As of this week, Eisenberg has actually been arrested and is facing market manipulation charges over the Mango Markets exploit, which he had consistently maintained was “a highly profitable trading strategy” facilitated via “legal open market actions.”
As such, this tweet has fast become a popular meme that will most likely live on for a long time in Crypto Twitter folklore.
Fortune — SBF, the “next Warren Buffet”
American business magazine Fortune has also got itself on this list for speaking in glowing terms of SBF back in August.
In a Twitter thread, the publication labeled him the “de facto leader of the crypto community” before suggesting that he was the “next Warren Buffet, Crypto’s white knight” and “Prince of risk.”
Kevin O’Leary — “I’m going to use FTX to increase my allocation”
Shark Tank’s Kevin O’Leary, also known as Mr. Wonderful, makes the list for his backing of FTX and its former CEO, Sam Bankman-Fried.

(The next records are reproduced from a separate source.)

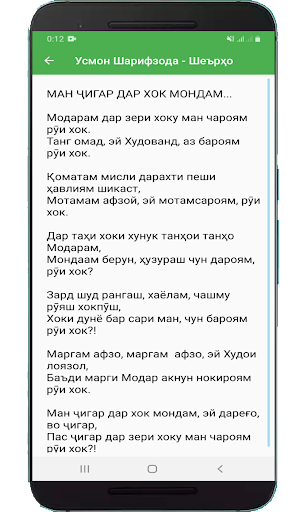 Шеър Screen 3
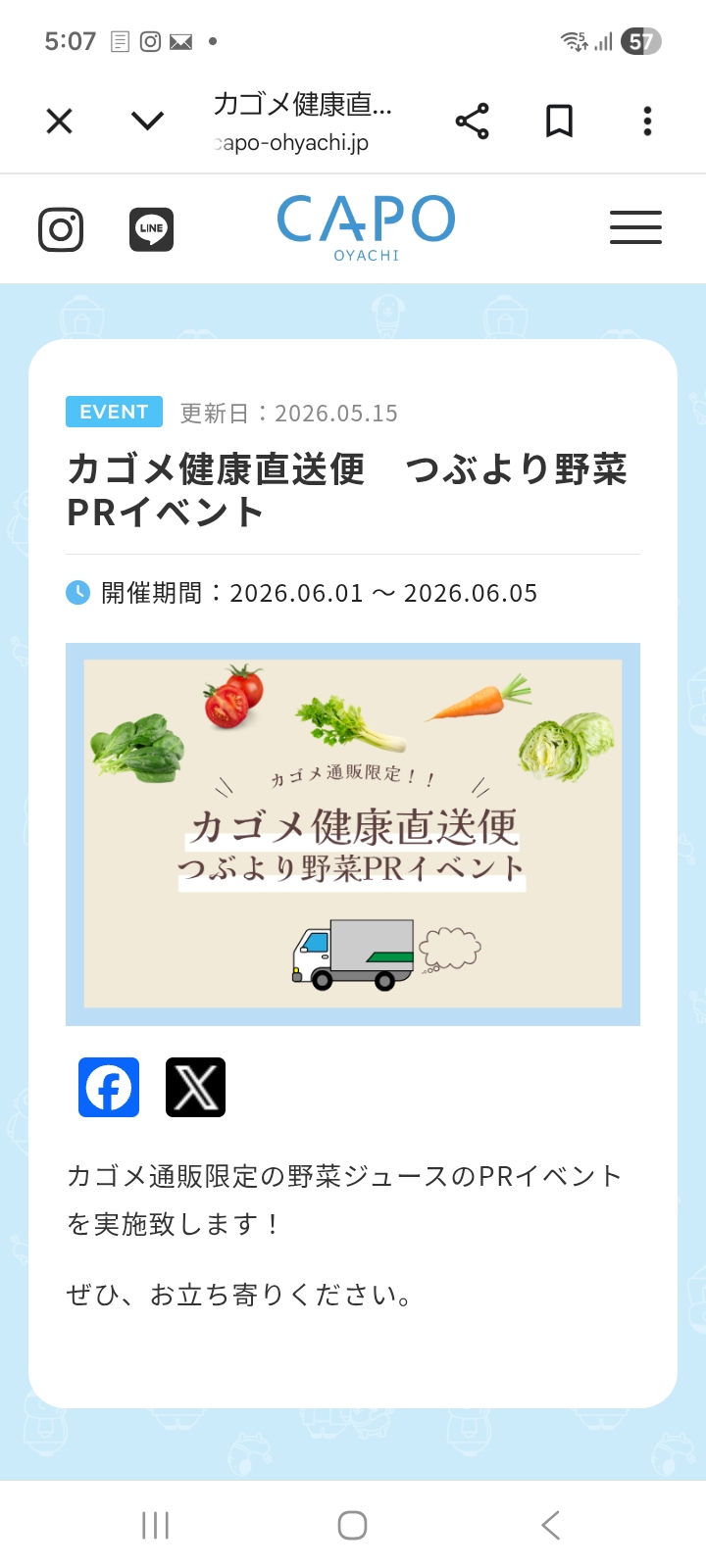 カゴメ健康直送便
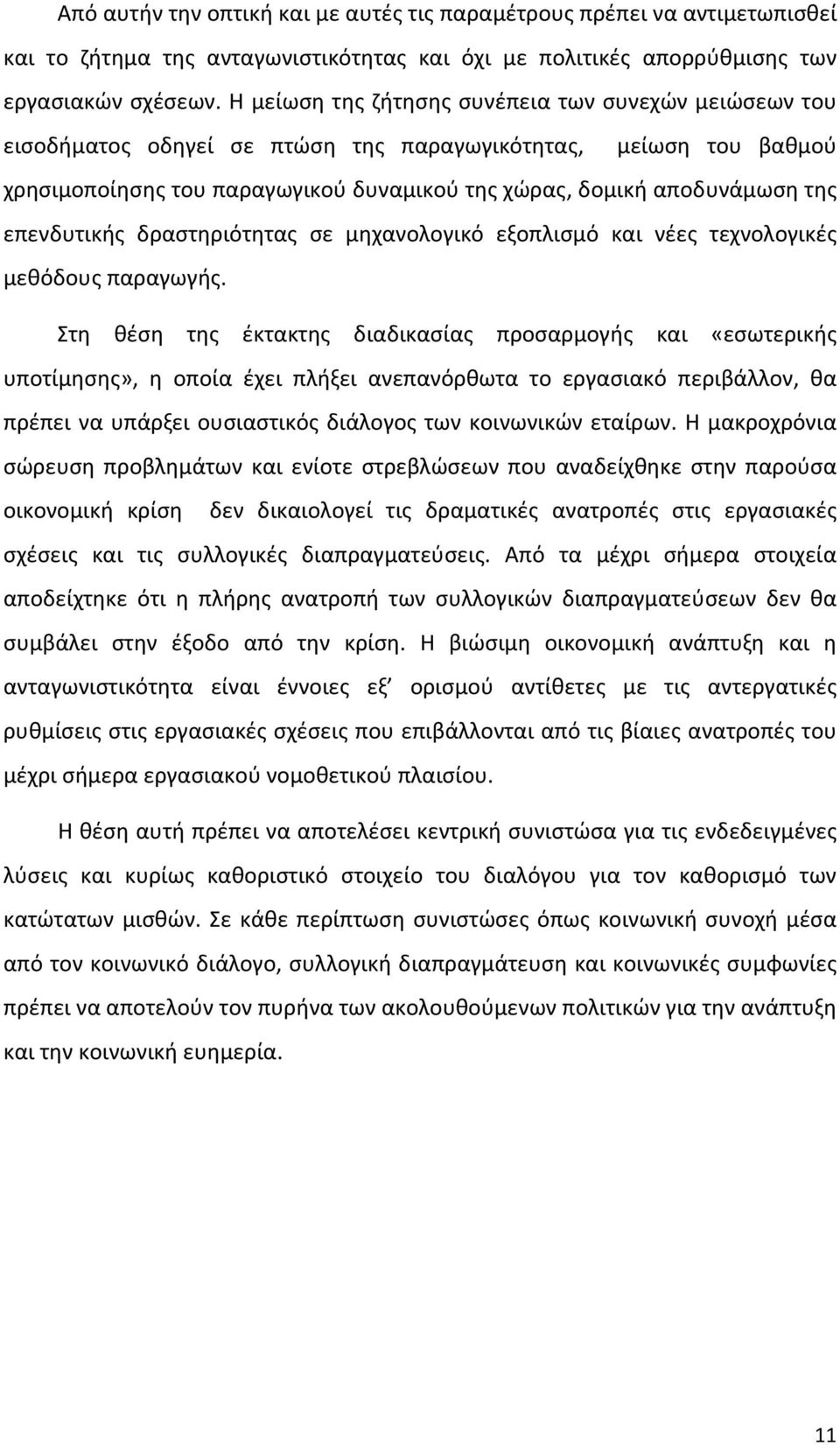 επενδυτικής δραστηριότητας σε μηχανολογικό εξοπλισμό και νέες τεχνολογικές μεθόδους παραγωγής.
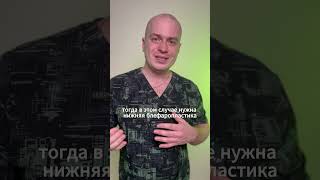 Пластические операции на лице  #пластическийхирург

O’Leary’s now-deleted tweet came on Aug. 10, 2021, after he signed a deal to become an FTX spokesperson. In the tweet, he emphasized:
“Finally solved my compliance problems with #cryptocurrencies I’m going to use FTX to increase my allocation and use the platform to manage my portfolios.”
Unfortunately for O’Leary, FTX was anything but compliant, and the millionaire said he has likely lost the entire $15 million he was paid to be FTX’s spokesperson after taxes, agent fees and all the crypto he kept on the exchange was lost after the firm’s bankruptcy.